A anemia por carência de ferro é o distúrbio nutricional mais recorrentes no mundo. Uma das causas da anemia ferropriva é a absorção ou ingesta de ferro de maneira inadequada. Para o tratamento dessa condição, utiliza-se a reposição de ferro. Com relação a esse tratamento, assinale a afirmativa correta.
- A)A terapia com ferro parenteral é o tratamento de escolha para essa condição.
Errada, porque a terapia parenteral não é a escolha inicial na maioria dos casos; a via oral costuma ser a primeira opção.
- B)A terapia oral com sulfato ferroso tem como principais efeitos adversos: náuseas, desconforto gástrico e diarreia ou prisão de ventre. Por esses motivos não é considerada a primeira opção de tratamento.
Errada, porque o sulfato ferroso oral realmente causa efeitos gastrointestinais, mas isso não o exclui da primeira linha de tratamento.

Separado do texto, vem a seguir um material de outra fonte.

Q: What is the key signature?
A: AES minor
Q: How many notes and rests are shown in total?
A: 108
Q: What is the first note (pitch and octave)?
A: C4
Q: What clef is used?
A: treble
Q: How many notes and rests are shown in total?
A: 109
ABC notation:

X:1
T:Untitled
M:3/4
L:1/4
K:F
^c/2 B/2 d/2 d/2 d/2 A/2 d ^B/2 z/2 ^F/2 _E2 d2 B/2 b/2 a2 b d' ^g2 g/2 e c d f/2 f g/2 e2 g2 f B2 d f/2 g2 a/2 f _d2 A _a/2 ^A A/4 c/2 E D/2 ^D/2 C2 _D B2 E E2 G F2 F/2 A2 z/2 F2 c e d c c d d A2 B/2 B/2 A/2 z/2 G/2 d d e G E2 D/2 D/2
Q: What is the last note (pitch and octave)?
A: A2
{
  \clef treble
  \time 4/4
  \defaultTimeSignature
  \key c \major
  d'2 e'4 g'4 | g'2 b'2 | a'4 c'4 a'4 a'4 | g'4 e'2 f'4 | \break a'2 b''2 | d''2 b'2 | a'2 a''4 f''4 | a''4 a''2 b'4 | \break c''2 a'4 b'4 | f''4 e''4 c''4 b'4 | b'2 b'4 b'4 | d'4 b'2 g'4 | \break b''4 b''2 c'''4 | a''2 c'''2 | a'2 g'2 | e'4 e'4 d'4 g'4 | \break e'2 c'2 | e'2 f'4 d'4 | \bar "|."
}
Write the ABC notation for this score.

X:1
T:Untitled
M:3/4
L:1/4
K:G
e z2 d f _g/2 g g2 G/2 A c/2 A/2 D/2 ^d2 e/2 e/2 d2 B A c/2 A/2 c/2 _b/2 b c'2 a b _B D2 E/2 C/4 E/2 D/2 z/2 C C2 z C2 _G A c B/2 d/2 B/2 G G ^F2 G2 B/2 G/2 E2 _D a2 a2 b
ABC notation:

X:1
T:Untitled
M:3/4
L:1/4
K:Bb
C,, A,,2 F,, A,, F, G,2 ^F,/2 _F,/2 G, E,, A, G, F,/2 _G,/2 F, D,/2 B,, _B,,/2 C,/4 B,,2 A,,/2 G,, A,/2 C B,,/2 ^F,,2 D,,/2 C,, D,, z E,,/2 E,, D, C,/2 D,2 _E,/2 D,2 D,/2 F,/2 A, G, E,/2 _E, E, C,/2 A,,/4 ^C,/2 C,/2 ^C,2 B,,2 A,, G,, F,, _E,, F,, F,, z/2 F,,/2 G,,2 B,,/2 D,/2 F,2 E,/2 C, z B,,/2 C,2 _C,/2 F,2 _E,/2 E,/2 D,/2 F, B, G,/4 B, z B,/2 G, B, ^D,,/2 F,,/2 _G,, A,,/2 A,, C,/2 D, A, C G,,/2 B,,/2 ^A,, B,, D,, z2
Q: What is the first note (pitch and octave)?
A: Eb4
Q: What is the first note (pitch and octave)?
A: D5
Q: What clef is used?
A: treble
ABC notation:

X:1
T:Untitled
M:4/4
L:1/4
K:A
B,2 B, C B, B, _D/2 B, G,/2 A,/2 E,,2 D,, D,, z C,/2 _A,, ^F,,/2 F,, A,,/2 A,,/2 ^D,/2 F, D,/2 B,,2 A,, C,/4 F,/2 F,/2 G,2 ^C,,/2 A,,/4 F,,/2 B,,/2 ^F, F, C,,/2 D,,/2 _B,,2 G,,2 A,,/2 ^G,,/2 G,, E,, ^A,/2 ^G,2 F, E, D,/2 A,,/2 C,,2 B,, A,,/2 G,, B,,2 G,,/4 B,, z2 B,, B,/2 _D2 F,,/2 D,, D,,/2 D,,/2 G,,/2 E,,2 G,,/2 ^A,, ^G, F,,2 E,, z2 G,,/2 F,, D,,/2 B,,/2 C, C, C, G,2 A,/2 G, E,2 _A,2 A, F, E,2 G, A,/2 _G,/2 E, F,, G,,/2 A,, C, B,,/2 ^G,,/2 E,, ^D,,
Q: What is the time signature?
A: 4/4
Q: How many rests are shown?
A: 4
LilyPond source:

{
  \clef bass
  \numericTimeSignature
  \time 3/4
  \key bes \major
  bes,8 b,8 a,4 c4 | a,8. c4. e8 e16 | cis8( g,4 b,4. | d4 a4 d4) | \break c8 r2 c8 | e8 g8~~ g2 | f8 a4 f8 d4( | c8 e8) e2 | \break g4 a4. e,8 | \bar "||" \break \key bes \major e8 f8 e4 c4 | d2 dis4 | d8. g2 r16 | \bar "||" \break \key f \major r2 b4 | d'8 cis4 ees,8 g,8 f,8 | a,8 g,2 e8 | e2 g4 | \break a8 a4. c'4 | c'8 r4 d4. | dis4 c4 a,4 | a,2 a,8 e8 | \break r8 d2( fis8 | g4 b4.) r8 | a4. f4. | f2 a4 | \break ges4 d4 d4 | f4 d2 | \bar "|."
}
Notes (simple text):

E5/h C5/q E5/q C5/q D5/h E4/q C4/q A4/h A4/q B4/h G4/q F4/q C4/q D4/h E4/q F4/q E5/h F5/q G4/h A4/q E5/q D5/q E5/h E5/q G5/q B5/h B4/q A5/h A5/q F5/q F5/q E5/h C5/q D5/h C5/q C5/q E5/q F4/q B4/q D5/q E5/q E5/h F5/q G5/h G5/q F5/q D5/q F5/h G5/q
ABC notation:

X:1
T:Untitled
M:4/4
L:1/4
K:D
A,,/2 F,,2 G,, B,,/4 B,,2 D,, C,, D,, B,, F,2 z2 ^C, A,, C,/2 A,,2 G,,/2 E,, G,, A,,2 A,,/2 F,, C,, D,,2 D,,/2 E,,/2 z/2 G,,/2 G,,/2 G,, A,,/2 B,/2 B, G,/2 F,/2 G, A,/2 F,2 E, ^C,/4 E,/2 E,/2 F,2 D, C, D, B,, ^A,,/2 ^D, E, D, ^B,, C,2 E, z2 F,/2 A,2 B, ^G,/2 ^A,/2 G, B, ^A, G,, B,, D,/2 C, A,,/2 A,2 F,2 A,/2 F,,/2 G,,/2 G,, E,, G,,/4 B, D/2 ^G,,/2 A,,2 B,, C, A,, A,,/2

- C)O principal efeito adverso da terapia com ferro oral é a ocorrência de reação anafilática que pode ser fatal.
Errada, porque reação anafilática grave é preocupação da via parenteral, não do ferro oral.
- D)A administração intramuscular de ferro dextran é o tratamento de escolha na deficiência de ferro.
Errada, porque a administração intramuscular de ferro dextran não é o tratamento de escolha e não é a via preferida na prática.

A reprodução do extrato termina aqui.